An example of such a natural experiment was the Georgia land lotteries in the early 19th century. Lots of land, formerly owned by the Cherokee Indians, were given away to thousands of Georgians in a random lottery. By comparing the outcomes of those who won the lottery to those who entered but lost, you can determine the long-term impact of an influx of a moderate amount of wealth on Georgians.
The problem, of course, is you have to get lucky to have a random experiment that sheds light on the exact question you want answered.
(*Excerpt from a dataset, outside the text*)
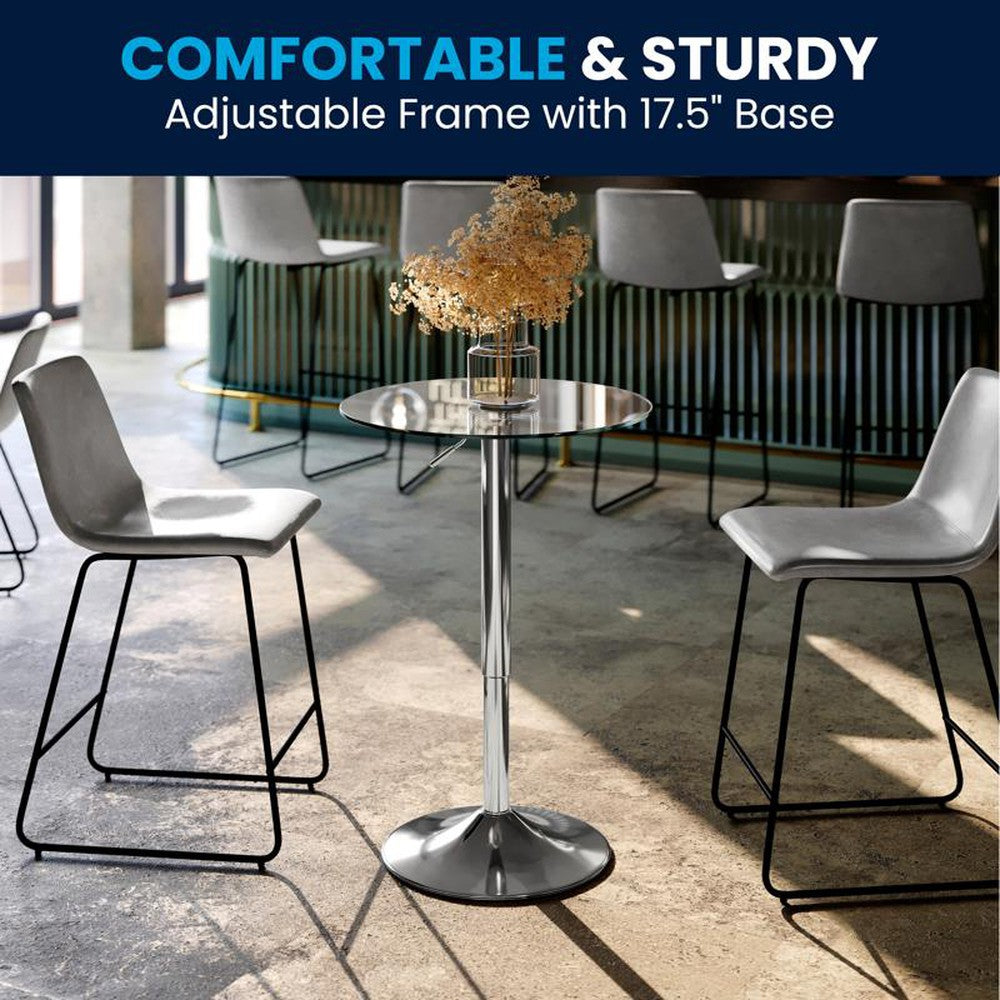 23.5'' Round Adjustable Height Glass Table (Adjustable Range 33.5'' - 41'')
Say, “Screw It”: The third option is to try to set up an experiment that isn’t really all that much like the question that you want answered, but at least is ethical. State openly the problems with the experiment and how the huge flaws in the experiment’s design are likely to invalidate the conclusions of the experiment. Then, get picked up by the media, who expand the rather weak conclusions of the experiment into an all-encompassing definitive statement while completely ignoring the massive issues with the experimental design.
The bottom line
Determining whether GMI would work is hard (impossible). Because it’s a social science, you can’t run the experiments that would give you the evidence you’d need to be confident in your conclusions. Nevertheless, keeping in mind the difficulties inherent in these sorts of experiments, there have been several studies that begin to examine these issues. I’ll talk about some of those in my next blog.